Nine civilians, five of them children, were killed late Tuesday in the eastern DR Congo province of Ituri, where some 1,000 civilians have been massacred since late 2017, local sources said.
The killing was the latest attributed to an ethnic militia called CODECO, the Cooperative for the Development of the Congo, in the restive province.
They raided the village of Lenga in Djugu territory where they "killed nine civilians and wounded another," Charite Banza, the local civil society president, told AFP.
Among those killed were "three men, a woman and five children under the age of 13," said community leader Richard Dhedda Kondo.
At least 150 houses were burned down and some residents fled after the dead were buried, he said.
Army spokesman Jules Ngongo confirmed the attack.
Ituri is one of several provinces gripped by militia violence in eastern Democratic Republic of Congo, a country the size of continental western Europe.

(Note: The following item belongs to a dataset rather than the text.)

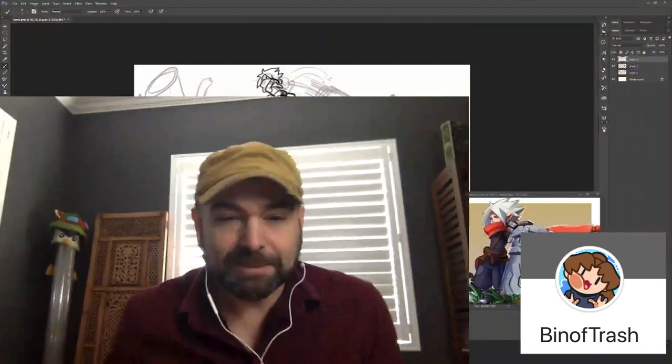Dudes, what's happening, man? This is Trent. And today I got a special guest. This is Ben of Trash — she's got a YouTube channel here on YouTube as well. I actually asked her to do a commission of Twilight Monk, and so she's here to talk about it with us. So welcome, Amy. How are you?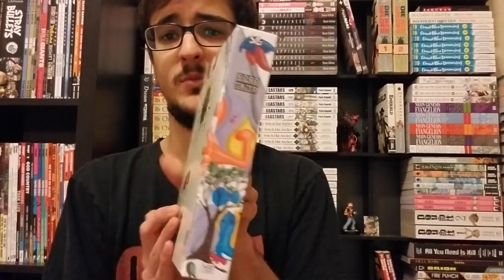Hey guys, welcome to Sequential Consequence. My name is Nelson and I'm here today with another rambling discussion, review, whatever you want to call it. This time we're going to take a look at Go-Go Monster by Taiyo Matsumoto.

The army said it had killed "eight CODECO militiamen and made a series of arrests" including that of "a commander".
Between October 2019 and April 2020, "at least 296 people were killed, 151 others wounded and 38 people raped, including many women and children" in Ituri, according to the United Nations.
In January, the UN estimated that 701 people have been killed since December 2017.
"These acts could constitute crimes within the jurisdiction of the International Criminal Court," ICC Prosecutor Fatou Bensouda warned last week.
CODECO claims to defend the interests of the Lendu ethnic group, who are predominantly farmers and clash repeatedly with the Hema community of traders and herders.
Tens of thousands of people were killed in Hema-Lendu fighting between 1999 and 2003 and violence resumed for unclear reasons at the end of 2017.